Sin pensarlo más, me lancé al vacío.

El impacto con el agua helada fue como chocar contra una pared de ladrillos. El río me tragó de inmediato, arrastrándome con una furia implacable. Luché por salir a la superficie, golpeándome contra rocas y troncos. El frío era tan intenso que mis músculos empezaron a entumecerse. Sentí que el agua se metía en mis pulmones y, por un momento, la tentación de dejarme ir fue casi irresistible.

“Déjate llevar... ya no habrá más dolor”, decía una voz en mi mente.

Pero entonces, una chispa de calor estalló en mi vientre. Un calor abrasador, extraño, que no pertenecía a mi cuerpo humano. Era una presencia pequeña pero feroz. El instinto de supervivencia de mis hijos se activó, enviando una descarga de adrenalina a mi corazón.

Saqué la cabeza del agua y agarré una rama que colgaba sobre el río. Con un esfuerzo sobrehumano, me arrastré hacia la orilla opuesta. Caí sobre la arena mojada, temblando violentamente, escupiendo agua y lodo.

Estaba fuera. Estaba en las Tierras de Nadie.

Me puse en posición fetal, tratando de generar algo de calor. En medio de mi agonía, cerré los ojos y, en la oscuridad de mi mente, vi algo que me dejó paralizada. No era la loba gris común que todos esperaban de mí. Vi una sombra blanca, inmensa, con ojos de un azul eléctrico, durmiendo en lo más profundo de mi conciencia.

—Ella está ahí —balbuceé, dándome cuenta de la verdad—. Mi loba no estaba dormida... estaba esperando.

Esperando a que el vínculo con el hombre equivocado se rompiera. Esperando a que el dolor me transformara.

Me obligué a levantarme. Mis pies sangraban y mi ropa era apenas un montón de harapos, pero mi mirada había cambiado. Ya no era la Evie sumisa que bajaba la cabeza ante su hermana o suspiraba por el Alfa.

Caminé hacia la espesura del bosque desconocido, dejando atrás mi pasado, mi nombre y mi dolor. No sabía a dónde iría, ni cómo sobreviviría, pero sabía dos cosas con absoluta certeza:

Primero, que Félix y Cyra (los nombres que ya sentía en mi alma para esos dos latidos) nacerían en libertad.

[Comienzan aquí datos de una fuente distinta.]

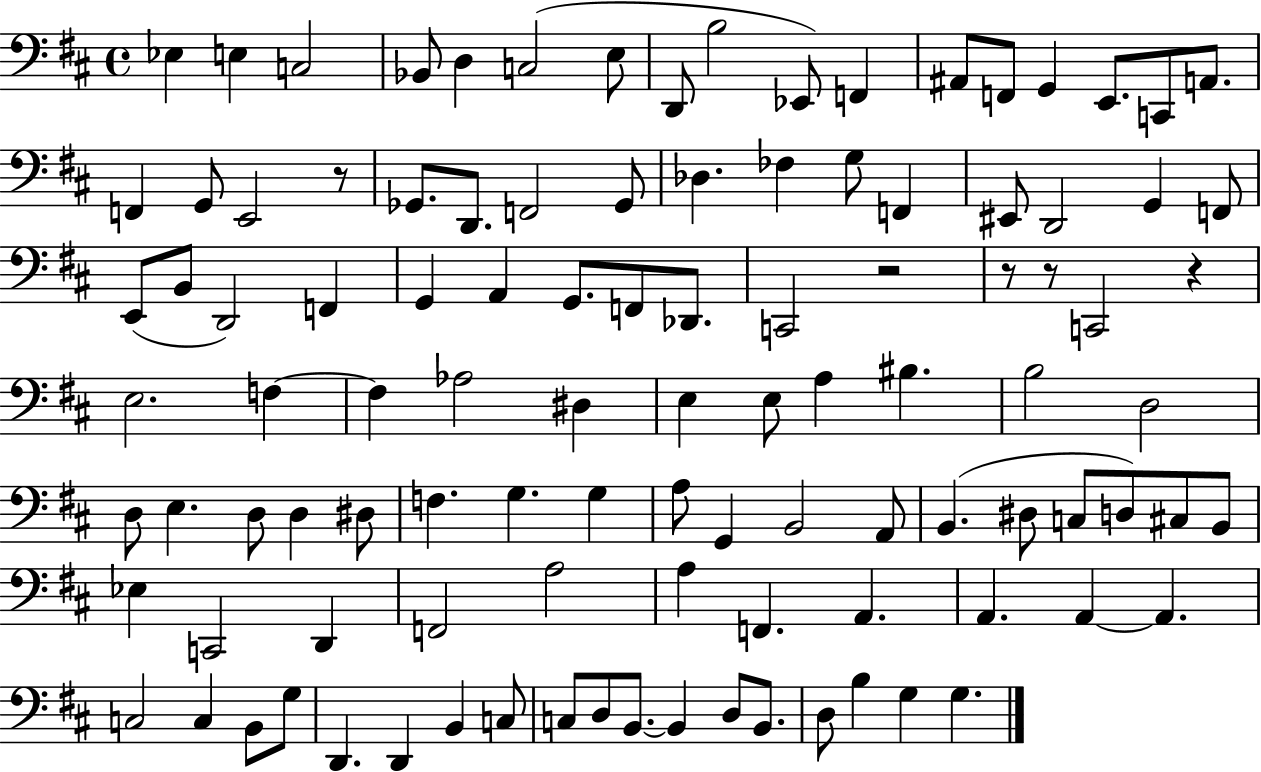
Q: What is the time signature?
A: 4/4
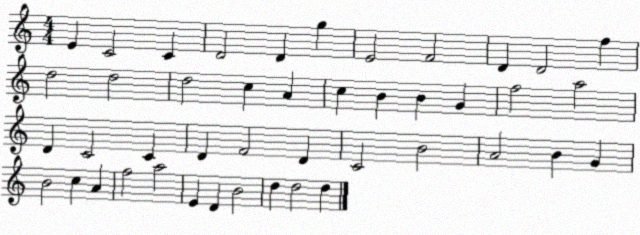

Y segundo, que el día que regresara a Blood-Crag, no lo haría para pedir perdón, sino para ver cómo el imperio de Lysander se desmoronaba ante la verdadera Luna que él tuvo la estupidez de rechazar.

La lluvia empezó a caer, borrando mis huellas y mi rastro de olor. Para la manada Blood-Crag, Evie había muerto en el río. Pero en la oscuridad de las Tierras de Nadie, una leyenda acababa de nacer.